I had hardly taken the road, the next morning, impatient to see what this little world on a mountain top was like, before I came to a lovely brook making its devious course among big boulders with much pleasant gurgling, in the shadow of mountain laurel and white azalea,-a place highly characteristic of Walden's Ridge, as I was afterwards to learn. Just now, naturally, there was no stopping so near home, though a Kentucky warbler, with his cool, liquid song, did his best to beguile me; and I kept on my way, past a few houses, a tiny box of a post-office, a rude church, and a few more houses, till just beyond the last one the road dropped into the forest again, as if for good. And there, all at once I seemed to be in New Hampshire. The land fell away sharply, and at one particular point, through a vista, the forest could be seen sloping down on either side to the gap, beyond which, miles away, loomed a hill, and then, far, far in the distance, high mountains dim with haze. It was like a note of sublimity in a poem that till now had been only beautiful.

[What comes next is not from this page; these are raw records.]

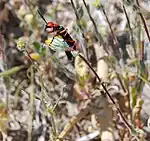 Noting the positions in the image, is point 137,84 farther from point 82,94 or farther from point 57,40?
point 57,40

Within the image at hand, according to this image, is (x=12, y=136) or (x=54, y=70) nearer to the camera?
(x=12, y=136)

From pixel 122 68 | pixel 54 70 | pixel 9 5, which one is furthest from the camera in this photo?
pixel 9 5

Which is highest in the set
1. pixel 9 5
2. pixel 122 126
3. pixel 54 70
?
pixel 9 5

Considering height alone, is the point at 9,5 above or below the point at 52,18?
above

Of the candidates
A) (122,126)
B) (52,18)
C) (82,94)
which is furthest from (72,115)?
(52,18)

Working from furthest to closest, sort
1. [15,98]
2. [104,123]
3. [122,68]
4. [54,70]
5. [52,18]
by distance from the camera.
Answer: [52,18]
[54,70]
[15,98]
[104,123]
[122,68]

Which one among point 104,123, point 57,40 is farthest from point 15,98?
point 57,40

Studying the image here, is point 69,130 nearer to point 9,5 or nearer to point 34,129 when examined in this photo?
point 34,129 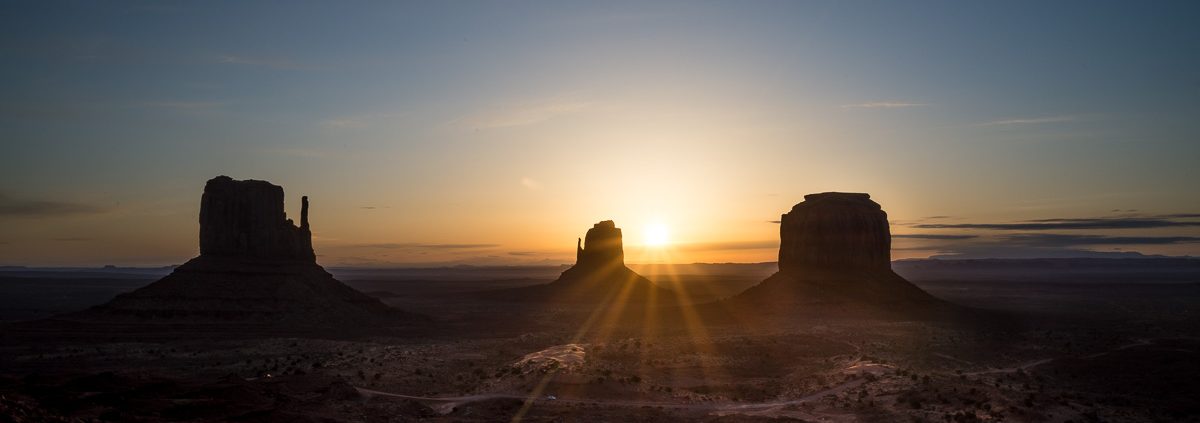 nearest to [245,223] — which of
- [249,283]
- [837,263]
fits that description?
[249,283]

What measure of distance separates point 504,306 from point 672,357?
5395cm

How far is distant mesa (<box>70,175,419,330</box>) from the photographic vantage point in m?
58.3

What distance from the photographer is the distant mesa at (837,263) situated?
72562 millimetres

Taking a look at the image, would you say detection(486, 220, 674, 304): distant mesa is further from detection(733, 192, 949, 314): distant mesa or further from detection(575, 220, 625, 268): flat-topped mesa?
detection(733, 192, 949, 314): distant mesa

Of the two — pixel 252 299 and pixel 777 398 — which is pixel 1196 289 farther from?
pixel 252 299

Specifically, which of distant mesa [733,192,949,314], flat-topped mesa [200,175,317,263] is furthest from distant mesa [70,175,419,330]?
distant mesa [733,192,949,314]

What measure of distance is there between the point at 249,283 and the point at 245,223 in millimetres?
6022

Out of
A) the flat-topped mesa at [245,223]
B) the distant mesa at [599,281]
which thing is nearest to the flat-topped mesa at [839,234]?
the distant mesa at [599,281]

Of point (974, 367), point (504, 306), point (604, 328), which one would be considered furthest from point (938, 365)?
point (504, 306)

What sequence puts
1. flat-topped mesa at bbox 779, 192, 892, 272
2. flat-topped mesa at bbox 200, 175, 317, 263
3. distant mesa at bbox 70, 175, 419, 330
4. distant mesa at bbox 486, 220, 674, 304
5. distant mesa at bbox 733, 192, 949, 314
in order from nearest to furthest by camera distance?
distant mesa at bbox 70, 175, 419, 330 → flat-topped mesa at bbox 200, 175, 317, 263 → distant mesa at bbox 733, 192, 949, 314 → flat-topped mesa at bbox 779, 192, 892, 272 → distant mesa at bbox 486, 220, 674, 304

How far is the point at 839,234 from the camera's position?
254ft

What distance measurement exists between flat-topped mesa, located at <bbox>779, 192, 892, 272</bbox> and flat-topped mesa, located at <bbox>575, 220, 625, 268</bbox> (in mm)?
39799

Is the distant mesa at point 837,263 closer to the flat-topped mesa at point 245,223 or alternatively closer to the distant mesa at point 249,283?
the distant mesa at point 249,283

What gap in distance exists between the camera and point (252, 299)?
A: 60.4m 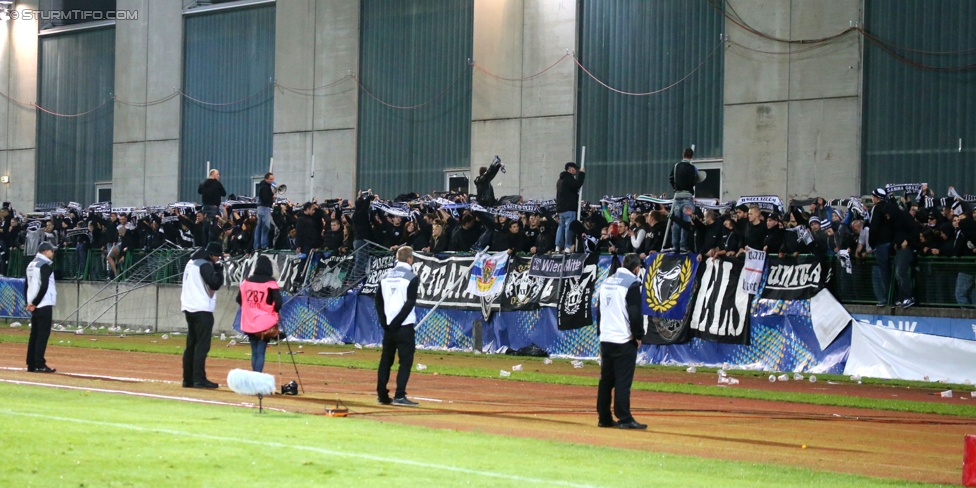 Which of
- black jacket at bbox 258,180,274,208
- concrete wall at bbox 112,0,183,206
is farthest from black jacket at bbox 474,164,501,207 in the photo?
concrete wall at bbox 112,0,183,206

From the bottom of the valley came a sound of running water, and between me and the invisible stream a chorus of olive-backed thrushes were singing,-the same simple and hearty strains that, in June and July, echo all day long through the woods of the Crawford Notch. The birds were on their way from the far South, and were happy to find themselves in so homelike a place. Then, suddenly, amid the golden voices of the thrushes, I caught the wiry notes of a warbler. They came from the treetops in the valley, and-so I prided myself upon guessing-belonged to a cerulean warbler, a bird of which I had seen my first and only specimen a week before, on Lookout Mountain. Down the steep hillside I scrambled,-New Hampshire clean forgotten,-and was just bringing my glass into play when the fellow took wing, and began singing at the very point I had just left. I hastened back; he flew again, farther up the hill, and again I put myself out of breath with pursuing him. Again and again he sang, now in this tree, now in that, but there was no getting sight of him. The trees should have been shorter, or the bird larger. Straight upward I gazed, till the muscles of my neck cried for mercy. At last I saw him, flitting amid the dense foliage, but so far above me, and so exactly between me and the sun, that I might as well not have seen him at all.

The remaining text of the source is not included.